Barely five minutes into the game, top scoring Bolt man Nikita Kucherov was gifted the puck by Dallas's normally flawless sophomore defender, Miro Heiskanen, who tried to make a blind pass as he was falling down in his own half. The slip-up gave Kucherov the most wide-open breakaway you'll ever see, and he didn't blow the opportunity, puncturing Anton Khudobin's shield to make it 1-0.

Almost immediately afterward came the most memorable moment of the night. Stamkos, who hadn't played competitive hockey in more than six months, ghosted through Esa Lindell as he entered the attacking zone with the puck, setting himself up for a storybook wrist shot that doubled the lead. The clearly-less-than-100-percent captain would pass the next two periods simply as an observer and cheerleader from the bench, but until an ultimately meaningless goal in the third from Dallas, his stood as the game-winner.

Though an odd shorthanded score by the Stars late in the first and their overall feisty play preserved the fantasy that this could be another tight struggle, the Lightning made it clear in the second that they owned the ice, and the Stars' hopes were banished within 40 minutes. The special teams unit ignited star defenseman Victor Hedman with kind of a broken play that offered up a clear shot at Khudobin to make it 3-1. And then, as if to really drive home the point that the Lightning were leading a charmed life, Brayden Point tripped over the boards while starting his shift but ended it by scoring on a textbook two-on-one with Kucherov. The cherry on top came late in the second when, after an extended stretch of possession, Ondrej Palat put the puck in the net amid heavy traffic and some unpredictable bounces.

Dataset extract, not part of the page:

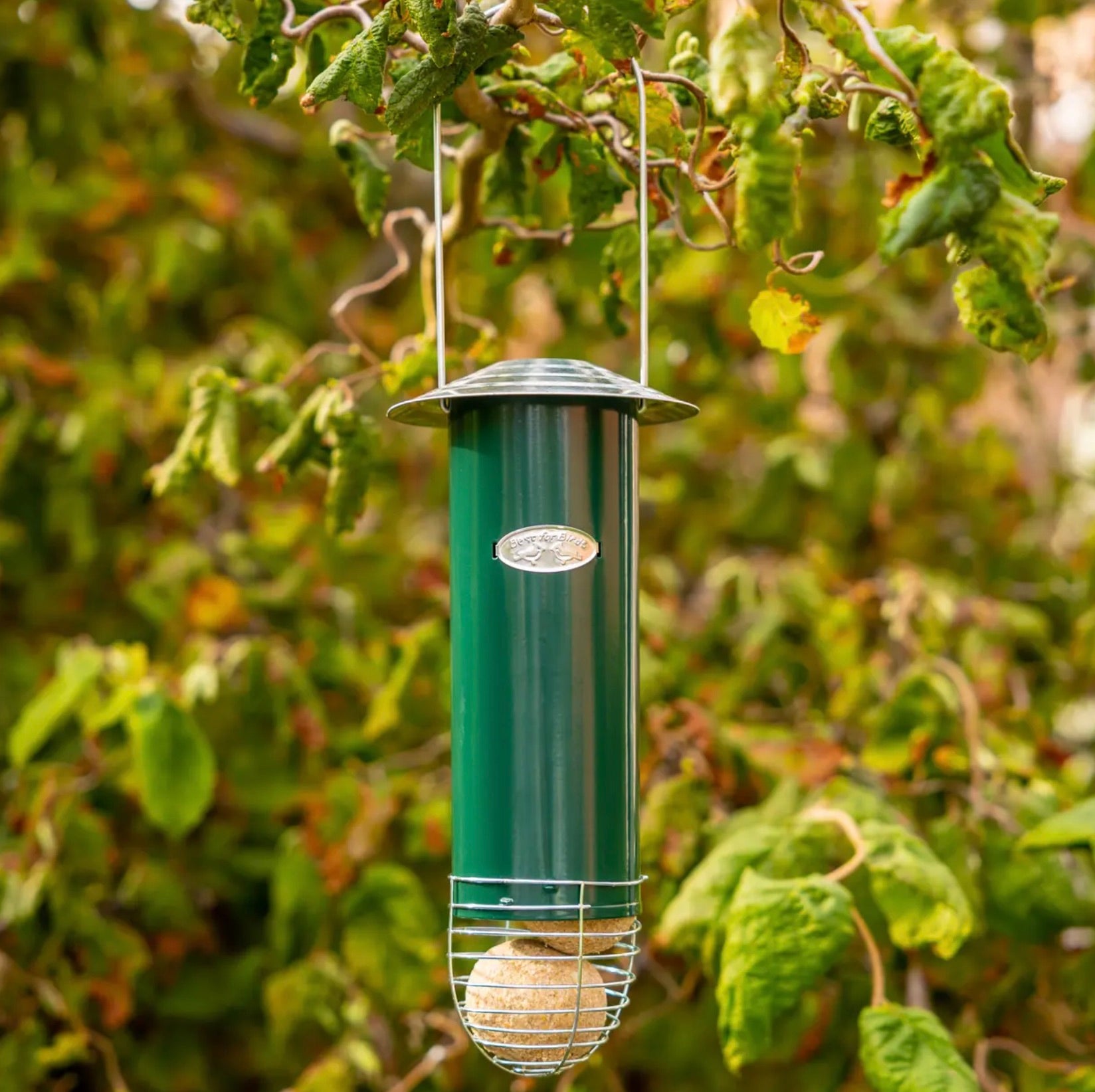 Distributeur de boules de graisse – Mangeoire oiseaux extérieure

It would be difficult to win a seven game series against this Lightning even if the Stars were playing as the best possible versions of themselves, and right now, they're far below that level. While the Lightning are getting all of their contributors—even Stamkos in 2:47 of ice time—to make a difference in the most important moments of the year, the Stars are still waiting on some of their biggest names to wake up. Corey Perry, with all his experience, hasn't scored since Game 2 of the Calgary series. Tyler Seguin has now gone an incomprehensible 12 games with zero goals and one assist. Heiskanen finally showed his youth with that brutal mistake. Jamie Benn hasn't tallied a point in the series and took himself out of the third period Wednesday with a misconduct penalty. And Khudobin has turned back into a pumpkin after a stellar series in net against Vegas.

"You flush the game out and get ready for Friday. That's what we do," said Stars coach Rick Bowness after the blowout. It's a reasonably optimistic tone to take with the series still only 2-1. But if that doesn't work, the Stars will have no more margin for error.